[DATA FOR THIS TASK]:
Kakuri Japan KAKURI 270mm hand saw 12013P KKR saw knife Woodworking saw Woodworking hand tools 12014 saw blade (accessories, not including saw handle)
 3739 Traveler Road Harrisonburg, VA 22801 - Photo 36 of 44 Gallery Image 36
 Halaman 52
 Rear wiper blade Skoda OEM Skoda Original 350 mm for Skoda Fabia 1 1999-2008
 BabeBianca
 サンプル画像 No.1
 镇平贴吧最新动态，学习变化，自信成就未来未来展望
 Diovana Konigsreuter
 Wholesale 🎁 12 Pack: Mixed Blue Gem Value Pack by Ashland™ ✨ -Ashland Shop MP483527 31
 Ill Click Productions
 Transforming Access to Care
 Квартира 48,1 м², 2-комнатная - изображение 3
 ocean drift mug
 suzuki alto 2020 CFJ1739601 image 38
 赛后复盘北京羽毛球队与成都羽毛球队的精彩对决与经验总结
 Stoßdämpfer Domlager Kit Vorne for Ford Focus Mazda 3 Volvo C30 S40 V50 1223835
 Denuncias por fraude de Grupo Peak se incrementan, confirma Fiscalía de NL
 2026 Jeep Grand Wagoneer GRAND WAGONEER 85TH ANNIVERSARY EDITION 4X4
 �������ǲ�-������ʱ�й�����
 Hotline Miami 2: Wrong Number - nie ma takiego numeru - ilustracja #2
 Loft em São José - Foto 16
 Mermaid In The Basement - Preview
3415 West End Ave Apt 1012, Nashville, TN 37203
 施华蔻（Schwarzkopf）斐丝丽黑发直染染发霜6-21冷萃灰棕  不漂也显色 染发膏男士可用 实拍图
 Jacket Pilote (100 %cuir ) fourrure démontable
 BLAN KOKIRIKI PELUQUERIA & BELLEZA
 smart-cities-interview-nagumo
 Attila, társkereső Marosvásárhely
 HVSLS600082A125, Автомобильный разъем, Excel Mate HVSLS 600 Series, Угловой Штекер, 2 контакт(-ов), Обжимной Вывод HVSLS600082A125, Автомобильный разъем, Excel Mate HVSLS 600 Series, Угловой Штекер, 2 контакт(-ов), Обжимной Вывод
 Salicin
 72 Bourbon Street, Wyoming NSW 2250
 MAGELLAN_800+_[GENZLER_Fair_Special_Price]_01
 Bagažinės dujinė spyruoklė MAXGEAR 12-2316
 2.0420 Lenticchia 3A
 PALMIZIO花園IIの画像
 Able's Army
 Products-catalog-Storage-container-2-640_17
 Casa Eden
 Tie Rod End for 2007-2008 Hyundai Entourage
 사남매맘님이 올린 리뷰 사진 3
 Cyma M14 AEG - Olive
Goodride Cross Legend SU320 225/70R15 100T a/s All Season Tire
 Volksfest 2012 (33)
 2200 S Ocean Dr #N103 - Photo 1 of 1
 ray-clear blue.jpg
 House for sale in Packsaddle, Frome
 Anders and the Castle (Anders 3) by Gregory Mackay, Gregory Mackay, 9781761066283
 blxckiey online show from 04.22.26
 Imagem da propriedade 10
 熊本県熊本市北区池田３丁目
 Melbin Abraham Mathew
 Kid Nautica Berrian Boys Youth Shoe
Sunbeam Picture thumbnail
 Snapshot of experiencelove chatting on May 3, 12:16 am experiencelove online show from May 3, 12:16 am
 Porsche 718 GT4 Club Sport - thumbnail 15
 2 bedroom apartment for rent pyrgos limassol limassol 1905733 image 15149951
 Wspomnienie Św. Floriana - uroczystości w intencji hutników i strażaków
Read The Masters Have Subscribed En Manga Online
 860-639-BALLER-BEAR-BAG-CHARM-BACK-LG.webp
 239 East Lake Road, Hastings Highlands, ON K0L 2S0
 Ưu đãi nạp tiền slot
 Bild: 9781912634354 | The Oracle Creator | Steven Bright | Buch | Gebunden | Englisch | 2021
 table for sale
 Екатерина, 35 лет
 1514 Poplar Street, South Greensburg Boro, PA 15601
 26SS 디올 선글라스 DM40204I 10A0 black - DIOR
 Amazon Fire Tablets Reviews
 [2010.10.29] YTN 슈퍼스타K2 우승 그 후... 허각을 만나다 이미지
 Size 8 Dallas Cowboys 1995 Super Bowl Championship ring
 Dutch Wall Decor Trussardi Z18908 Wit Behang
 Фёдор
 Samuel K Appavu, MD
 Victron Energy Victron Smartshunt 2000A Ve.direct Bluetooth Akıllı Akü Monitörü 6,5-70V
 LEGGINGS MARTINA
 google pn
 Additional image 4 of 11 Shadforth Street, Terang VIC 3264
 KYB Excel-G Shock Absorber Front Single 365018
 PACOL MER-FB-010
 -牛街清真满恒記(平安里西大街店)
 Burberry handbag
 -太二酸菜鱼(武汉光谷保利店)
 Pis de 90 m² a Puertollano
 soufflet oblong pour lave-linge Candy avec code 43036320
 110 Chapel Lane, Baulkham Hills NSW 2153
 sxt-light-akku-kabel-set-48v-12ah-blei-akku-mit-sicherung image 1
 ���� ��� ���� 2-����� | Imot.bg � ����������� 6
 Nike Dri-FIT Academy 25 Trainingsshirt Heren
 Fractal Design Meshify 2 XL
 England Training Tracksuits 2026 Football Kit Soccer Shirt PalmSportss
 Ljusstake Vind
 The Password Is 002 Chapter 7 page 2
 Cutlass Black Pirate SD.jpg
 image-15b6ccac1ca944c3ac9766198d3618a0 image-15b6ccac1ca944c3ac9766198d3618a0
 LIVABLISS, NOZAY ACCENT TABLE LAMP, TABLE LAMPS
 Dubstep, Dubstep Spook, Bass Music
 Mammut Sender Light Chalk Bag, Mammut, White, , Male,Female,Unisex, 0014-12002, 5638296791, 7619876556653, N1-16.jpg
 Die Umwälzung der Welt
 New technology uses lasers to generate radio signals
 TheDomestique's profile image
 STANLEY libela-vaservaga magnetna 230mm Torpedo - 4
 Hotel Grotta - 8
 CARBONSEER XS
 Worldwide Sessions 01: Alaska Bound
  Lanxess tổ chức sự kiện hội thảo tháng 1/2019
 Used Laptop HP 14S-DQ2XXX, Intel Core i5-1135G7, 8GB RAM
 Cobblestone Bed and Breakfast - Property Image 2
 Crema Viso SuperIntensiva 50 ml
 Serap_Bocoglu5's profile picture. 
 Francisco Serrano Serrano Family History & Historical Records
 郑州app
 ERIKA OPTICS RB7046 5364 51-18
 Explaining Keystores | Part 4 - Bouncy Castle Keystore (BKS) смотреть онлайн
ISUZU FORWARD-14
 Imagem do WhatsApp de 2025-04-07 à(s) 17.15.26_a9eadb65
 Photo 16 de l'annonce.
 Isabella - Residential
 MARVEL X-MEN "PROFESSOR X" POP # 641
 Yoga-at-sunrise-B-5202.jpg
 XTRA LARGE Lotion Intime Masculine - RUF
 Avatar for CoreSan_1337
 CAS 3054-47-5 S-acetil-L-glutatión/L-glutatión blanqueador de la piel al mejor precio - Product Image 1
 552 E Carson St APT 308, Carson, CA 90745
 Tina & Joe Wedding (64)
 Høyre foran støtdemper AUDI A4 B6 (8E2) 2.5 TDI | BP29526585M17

[ACTIVITY]: For this task, set down the entire listing word for word.

[RESPONSE TO THIS TASK]:
Kakuri Japan KAKURI 270mm hand saw 12013P KKR saw knife Woodworking saw Woodworking hand tools 12014 saw blade (accessories, not including saw handle)
 3739 Traveler Road Harrisonburg, VA 22801 - Photo 36 of 44 Gallery Image 36
 Halaman 52
 Rear wiper blade Skoda OEM Skoda Original 350 mm for Skoda Fabia 1 1999-2008
 BabeBianca
 サンプル画像 No.1
 镇平贴吧最新动态，学习变化，自信成就未来未来展望
 Diovana Konigsreuter
 Wholesale 🎁 12 Pack: Mixed Blue Gem Value Pack by Ashland™ ✨ -Ashland Shop MP483527 31
 Ill Click Productions
 Transforming Access to Care
 Квартира 48,1 м², 2-комнатная - изображение 3
 ocean drift mug
 suzuki alto 2020 CFJ1739601 image 38
 赛后复盘北京羽毛球队与成都羽毛球队的精彩对决与经验总结
 Stoßdämpfer Domlager Kit Vorne for Ford Focus Mazda 3 Volvo C30 S40 V50 1223835
 Denuncias por fraude de Grupo Peak se incrementan, confirma Fiscalía de NL
 2026 Jeep Grand Wagoneer GRAND WAGONEER 85TH ANNIVERSARY EDITION 4X4
 �������ǲ�-������ʱ�й�����
 Hotline Miami 2: Wrong Number - nie ma takiego numeru - ilustracja #2
 Loft em São José - Foto 16
 Mermaid In The Basement - Preview
3415 West End Ave Apt 1012, Nashville, TN 37203
 施华蔻（Schwarzkopf）斐丝丽黑发直染染发霜6-21冷萃灰棕  不漂也显色 染发膏男士可用 实拍图
 Jacket Pilote (100 %cuir ) fourrure démontable
 BLAN KOKIRIKI PELUQUERIA & BELLEZA
 smart-cities-interview-nagumo
 Attila, társkereső Marosvásárhely
 HVSLS600082A125, Автомобильный разъем, Excel Mate HVSLS 600 Series, Угловой Штекер, 2 контакт(-ов), Обжимной Вывод HVSLS600082A125, Автомобильный разъем, Excel Mate HVSLS 600 Series, Угловой Штекер, 2 контакт(-ов), Обжимной Вывод
 Salicin
 72 Bourbon Street, Wyoming NSW 2250
 MAGELLAN_800+_[GENZLER_Fair_Special_Price]_01
 Bagažinės dujinė spyruoklė MAXGEAR 12-2316
 2.0420 Lenticchia 3A
 PALMIZIO花園IIの画像
 Able's Army
 Products-catalog-Storage-container-2-640_17
 Casa Eden
 Tie Rod End for 2007-2008 Hyundai Entourage
 사남매맘님이 올린 리뷰 사진 3
 Cyma M14 AEG - Olive
Goodride Cross Legend SU320 225/70R15 100T a/s All Season Tire
 Volksfest 2012 (33)
 2200 S Ocean Dr #N103 - Photo 1 of 1
 ray-clear blue.jpg
 House for sale in Packsaddle, Frome
 Anders and the Castle (Anders 3) by Gregory Mackay, Gregory Mackay, 9781761066283
 blxckiey online show from 04.22.26
 Imagem da propriedade 10
 熊本県熊本市北区池田３丁目
 Melbin Abraham Mathew
 Kid Nautica Berrian Boys Youth Shoe
Sunbeam Picture thumbnail
 Snapshot of experiencelove chatting on May 3, 12:16 am experiencelove online show from May 3, 12:16 am
 Porsche 718 GT4 Club Sport - thumbnail 15
 2 bedroom apartment for rent pyrgos limassol limassol 1905733 image 15149951
 Wspomnienie Św. Floriana - uroczystości w intencji hutników i strażaków
Read The Masters Have Subscribed En Manga Online
 860-639-BALLER-BEAR-BAG-CHARM-BACK-LG.webp
 239 East Lake Road, Hastings Highlands, ON K0L 2S0
 Ưu đãi nạp tiền slot
 Bild: 9781912634354 | The Oracle Creator | Steven Bright | Buch | Gebunden | Englisch | 2021
 table for sale
 Екатерина, 35 лет
 1514 Poplar Street, South Greensburg Boro, PA 15601
 26SS 디올 선글라스 DM40204I 10A0 black - DIOR
 Amazon Fire Tablets Reviews
 [2010.10.29] YTN 슈퍼스타K2 우승 그 후... 허각을 만나다 이미지
 Size 8 Dallas Cowboys 1995 Super Bowl Championship ring
 Dutch Wall Decor Trussardi Z18908 Wit Behang
 Фёдор
 Samuel K Appavu, MD
 Victron Energy Victron Smartshunt 2000A Ve.direct Bluetooth Akıllı Akü Monitörü 6,5-70V
 LEGGINGS MARTINA
 google pn
 Additional image 4 of 11 Shadforth Street, Terang VIC 3264
 KYB Excel-G Shock Absorber Front Single 365018
 PACOL MER-FB-010
 -牛街清真满恒記(平安里西大街店)
 Burberry handbag
 -太二酸菜鱼(武汉光谷保利店)
 Pis de 90 m² a Puertollano
 soufflet oblong pour lave-linge Candy avec code 43036320
 110 Chapel Lane, Baulkham Hills NSW 2153
 sxt-light-akku-kabel-set-48v-12ah-blei-akku-mit-sicherung image 1
 ���� ��� ���� 2-����� | Imot.bg � ����������� 6
 Nike Dri-FIT Academy 25 Trainingsshirt Heren
 Fractal Design Meshify 2 XL
 England Training Tracksuits 2026 Football Kit Soccer Shirt PalmSportss
 Ljusstake Vind
 The Password Is 002 Chapter 7 page 2
 Cutlass Black Pirate SD.jpg
 image-15b6ccac1ca944c3ac9766198d3618a0 image-15b6ccac1ca944c3ac9766198d3618a0
 LIVABLISS, NOZAY ACCENT TABLE LAMP, TABLE LAMPS
 Dubstep, Dubstep Spook, Bass Music
 Mammut Sender Light Chalk Bag, Mammut, White, , Male,Female,Unisex, 0014-12002, 5638296791, 7619876556653, N1-16.jpg
 Die Umwälzung der Welt
 New technology uses lasers to generate radio signals
 TheDomestique's profile image
 STANLEY libela-vaservaga magnetna 230mm Torpedo - 4
 Hotel Grotta - 8
 CARBONSEER XS
 Worldwide Sessions 01: Alaska Bound
  Lanxess tổ chức sự kiện hội thảo tháng 1/2019
 Used Laptop HP 14S-DQ2XXX, Intel Core i5-1135G7, 8GB RAM
 Cobblestone Bed and Breakfast - Property Image 2
 Crema Viso SuperIntensiva 50 ml
 Serap_Bocoglu5's profile picture. 
 Francisco Serrano Serrano Family History & Historical Records
 郑州app
 ERIKA OPTICS RB7046 5364 51-18
 Explaining Keystores | Part 4 - Bouncy Castle Keystore (BKS) смотреть онлайн
ISUZU FORWARD-14
 Imagem do WhatsApp de 2025-04-07 à(s) 17.15.26_a9eadb65
 Photo 16 de l'annonce.
 Isabella - Residential
 MARVEL X-MEN "PROFESSOR X" POP # 641
 Yoga-at-sunrise-B-5202.jpg
 XTRA LARGE Lotion Intime Masculine - RUF
 Avatar for CoreSan_1337
 CAS 3054-47-5 S-acetil-L-glutatión/L-glutatión blanqueador de la piel al mejor precio - Product Image 1
 552 E Carson St APT 308, Carson, CA 90745
 Tina & Joe Wedding (64)
 Høyre foran støtdemper AUDI A4 B6 (8E2) 2.5 TDI | BP29526585M17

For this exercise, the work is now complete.